Start of Exercise data

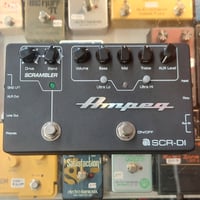 Image 1 of Ampeg SCR-DI Bass DI Preamp Pedal with Scrambler Overdrive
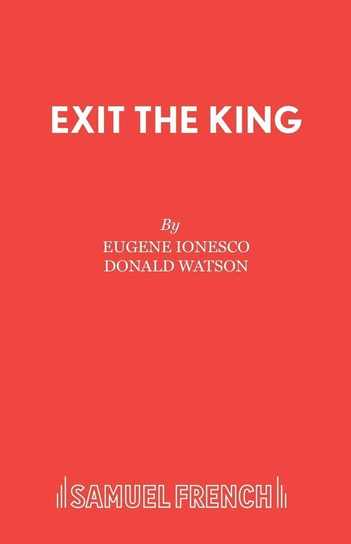 Exit the King Ionesco Eugene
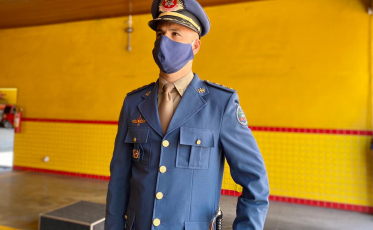 Bombeiros com novo comandante em Criciúma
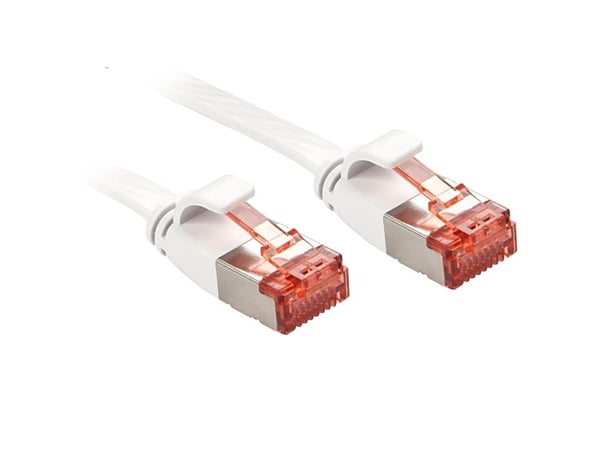 Lindy Cat.6 U/FTP RJ-45 10m, 10 m, Cat6, U/FTP (STP), RJ-45, RJ-45, Hvit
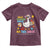 Funny School's Out For Summer Teacher Toddler T Shirt Silly Teacher Goose On The Loose Summer Break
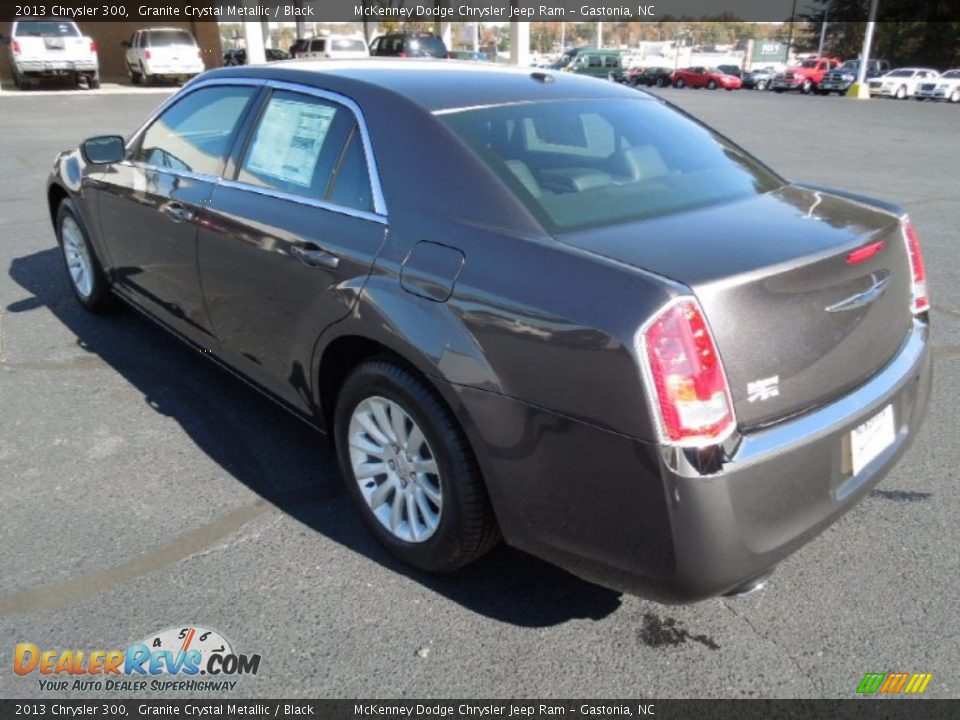 2013 Chrysler 300 Granite Crystal Metallic / Black Photo #4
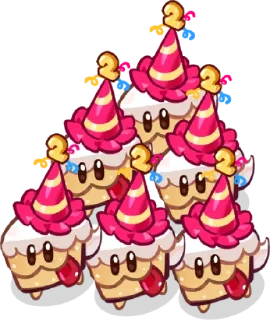 🤩 emoji Тортособаки • @run_cookie_run Telegram sticker 9 of 85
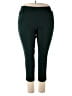 Croft & Barrow Solid Green Active Pants Size 18 - photo 1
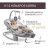 Chicco Mia Baby pihenőszék 18 kg-ig - Pebble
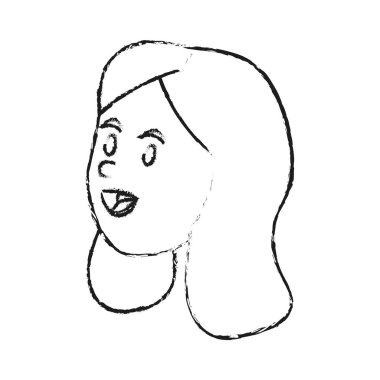 İzole kadın tasarım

End of Exercise data

### Try it:
Only the text of the records belongs in the answer; reproduce it verbatim, with no pictures.

### Expected answer:
 Image 1 of Ampeg SCR-DI Bass DI Preamp Pedal with Scrambler Overdrive
 Exit the King Ionesco Eugene
 Bombeiros com novo comandante em Criciúma
 Lindy Cat.6 U/FTP RJ-45 10m, 10 m, Cat6, U/FTP (STP), RJ-45, RJ-45, Hvit
 Funny School's Out For Summer Teacher Toddler T Shirt Silly Teacher Goose On The Loose Summer Break
 2013 Chrysler 300 Granite Crystal Metallic / Black Photo #4
 🤩 emoji Тортособаки • @run_cookie_run Telegram sticker 9 of 85
 Croft & Barrow Solid Green Active Pants Size 18 - photo 1
 Chicco Mia Baby pihenőszék 18 kg-ig - Pebble
 İzole kadın tasarım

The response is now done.